Elite Squad: The Enemy Within
In 2007, Brazilian underdog Elite Squad won the Golden Bear in Berlin and made everyone wonder why they didn’t watch more films from Latin America. In 2010, Elite Squad 2 (as we’re not technically allowed to call it in the UK) became Brazil’s biggest ever box office hit. This summer, it has finally arrived on our shores to appease an audience evidently desperate for teenage “fuck the man, man” politics and an awful lot of blood. We wanted to love it, but Elite Squad: The Enemy Within isn’t all that.
Ten years on from the first film, no-nonsense cop Roberto Nascimento (Moura) is now a Colonel in the BOPE, a special forces unit of Rio’s military police which kicks ass, takes names and revels in its nickname: ‘The Skull’. When a containment operation during a prison break ends with prisoners being executed, Nascimento expects to be hung out to dry, but despite the rabble-rousing of pinko lecturer Fraga (Santos) the people applaud his inflexibility and he is duly appointed to high office in the Security ministry. Never one to waste a chance to buy more guns, Nascimento immediately uses his new-found influence to expand the BOPE with the aim of purging Rio’s favelas of drug dealers and racketeers.

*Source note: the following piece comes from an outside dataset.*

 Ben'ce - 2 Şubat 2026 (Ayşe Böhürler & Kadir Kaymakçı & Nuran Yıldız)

The petty gangsters are duly driven out of business (or just shot, which seems to be the preferred method), but crime doesn’t drop as Nascimento predicted – instead, corrupt cops angry at losing their pocket money simply take over the slums, operating paramilitary militias and ruthlessly suppressing dissidents. Nascimento suspects policeman and gangster Rocha (Sandro Rocha) of involvement in a plan to rig the forthcoming elections by using his control over the slumdwellers, but as he digs deeper he realises the rot spreads even farther than he’d realised. Meanwhile, his relationship with his son, now living with Fraga after his ex-wife remarried, is becoming increasingly shaky as Nascimento realises he may never be able to explain his violent vocation. It’s a hard knock life…
Elite Squad: The Enemy Within retains much of its predecessor’s key cast and crew, including director Jose Padilha, Oscar-nominated screenwriter Bráulio Mantovani (City of God) and their implacable star Wagner Moura. All three give apparently solid performances; Padilha delivers a pacy and driven thriller, Mantovani’s dialogue is slick and snappy (although I only know that because I speak a bit of Portuguese; the subtitles were buggered beyond repair) and Moura continues to be a perfectly serviceable antihero with a nice line in barely-suppressed rage.

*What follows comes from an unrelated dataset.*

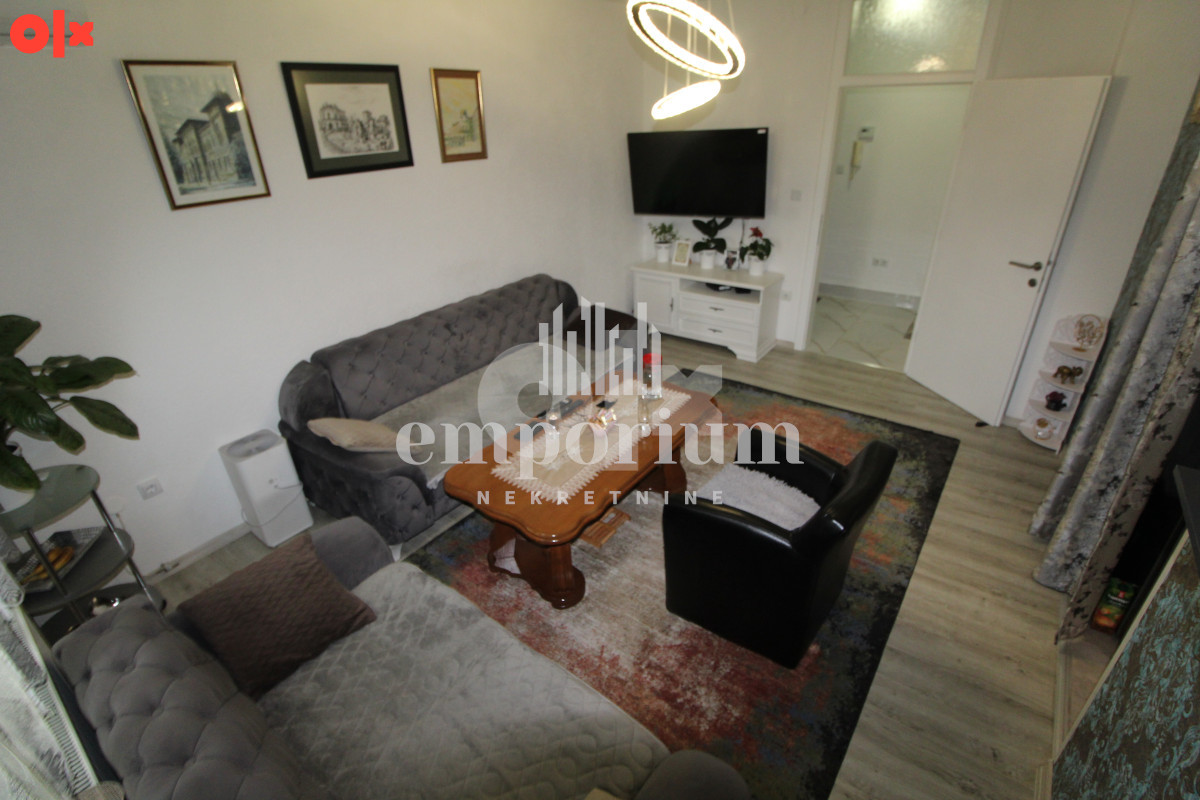 EMPORIUM Opremljen dvoiposoban stan, Brčko ID:2487/EN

However, a film is unfortunately more than the sum of its parts, and when you add everything together something goes very wrong. Sure, The Enemy Within is fast and well-shot – but it’s also contrived, prone to chronic slipped plot and hopelessly reliant on shock, gore and shouting. The black-clad soldiers of the BOPE dispassionately bring the thunder with their grim, expressionless faces and monstrous assault rifles, whilst Nascimento’s self-righteous voiceovers do their best to claim that the real villains of the piece are the crooked suits. Nobody’s endorsing police brutality, obviously, but the constant diatribes against ‘the system’ sound like they’ve been written in a spiral bound notebook by an earnest fifteen year old taking GCSE politics – the film’s simplistic and heavy-handed message massively devalues its more worthwhile elements.

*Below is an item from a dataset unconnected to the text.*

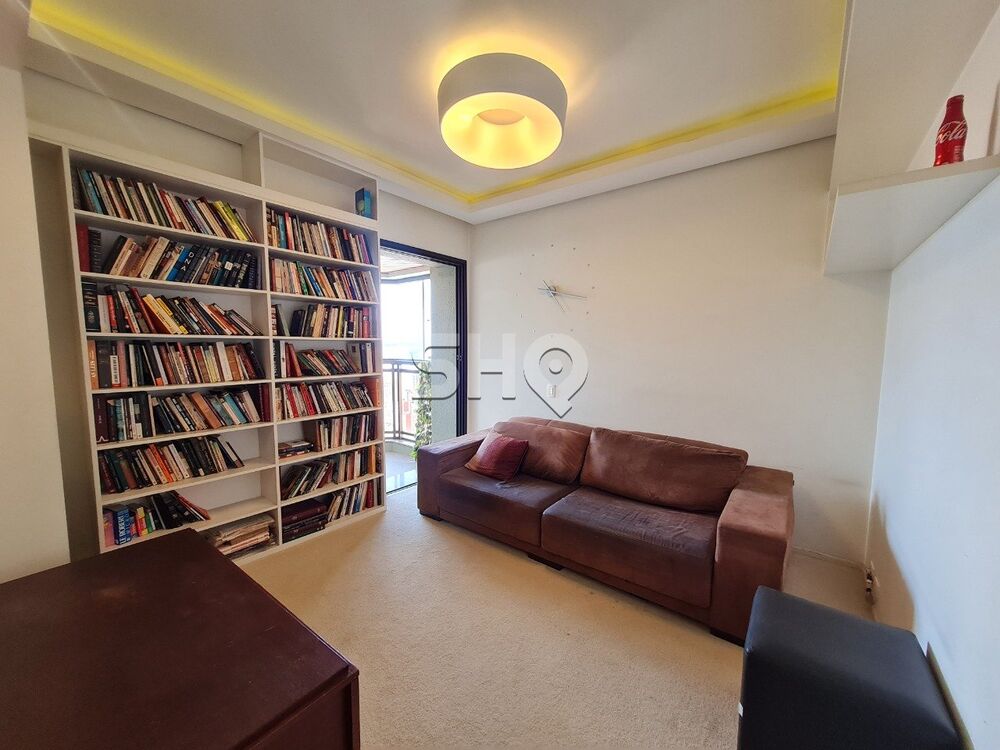 Apartamento, 4 quartos, 191 m² - Foto 8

It’s impossible to avoid comparisons between this film and The Secret In Their Eyes, another lone-insider-fights-a-corrupt-government thriller from South America; and, inevitably, Elite Squad comes off worse. Solid central performances and some genuinely fascinating cinematography keep it from being unwatchable, but if you’re not already a fan of the series this is no place to start.